Verdwaalde post
Impressive novel about Belgian affairs and secrets: the social commitment of a scintillating storyteller
It is not inconceivable that readers of Walter van den Broeck’s Verdwaalde post will find themselves carefully monitoring their health for some time afterwards. They will have just finished a text which supposedly contains a literally lethal combination of words: a combination which in the book at least costs the life of every unsuspecting reader. And Verdwaalde post is set up in such a way that one soon forgets that this is ‘only’ fiction.
Van den Broeck manages to overpower the reader with words, until what he writes no longer seems like invention, but reality, and the notion of paying with one’s life for reading the book suddenly becomes plausible.

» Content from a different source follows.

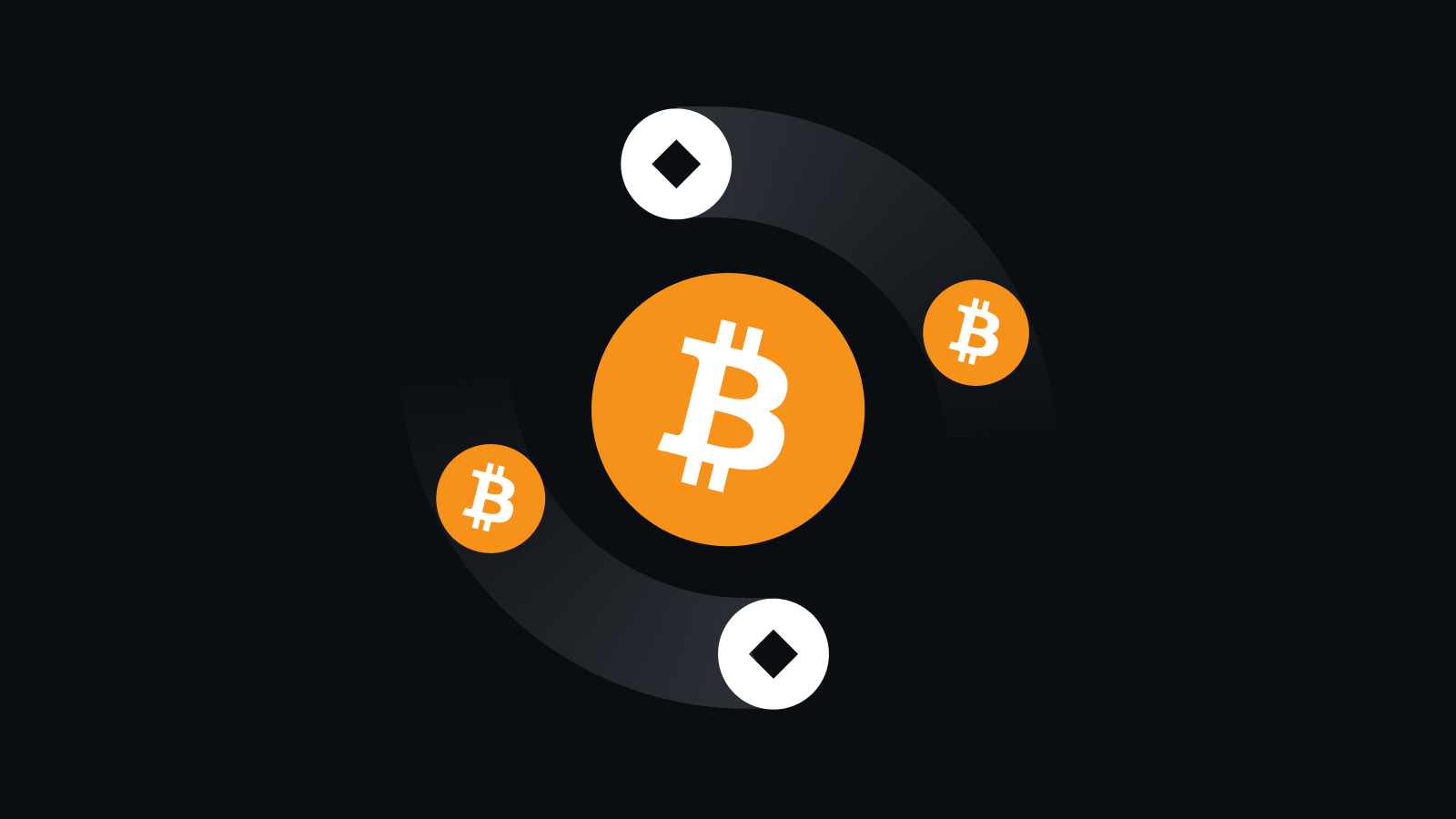 智能安全交易新标杆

On the evidence of previous work, this game of fiction and truth is familiar territory for Van den Broeck, and in his new book he has resorted to a well-tried device: finding, or in this case being sent, a manuscript. It lands on the desk of the writer (who forwards it unread to his publisher) via the widow of the poet Jonathan Siebens, whose third and last volume was savaged by Van den Broeck. The widow’s letter precedes others from Siebens to Van den Broeck, and from an ex-advertising colleague, Florian Dedecker, to Siebens. The package also contains a typescript - containing the lethal combination - called The Word Break, written by Emma Leblanc in order to exact revenge for Siebens’ supposed betrayal of their youthful love affair. There are also two transcripts of tapes on which she has recorded her version of the story. All these characters have meanwhile died as a result of the lethal word combination (except, of course, Van den Broeck, who forwarded the package unread). On the face of it a complex structure, yet the reader is drawn effortlessly into the story, one version succeeding the other effortlessly, so that the structure scarcely calls attention to itself, making the meaning all the clearer.
Verdwaalde post is a novel about authenticity and identity, and their loss. These are what Siebens was aiming for in his writing, as he tried to write poems which would lead to active opposition to a culture. But authenticity is also the aim of advertising in the postmodern consumer society - and advertising is where both Siebens and Emma eventually make their careers. The masterly irony of Verdwaalde post is that the ideological message is never over-insistent, but is itself seductively packaged, in accordance with the precepts of advertising. The book reads like a thriller, keeping the reader in suspense until the end, but subsequently making him wonder how long he himself has left to live.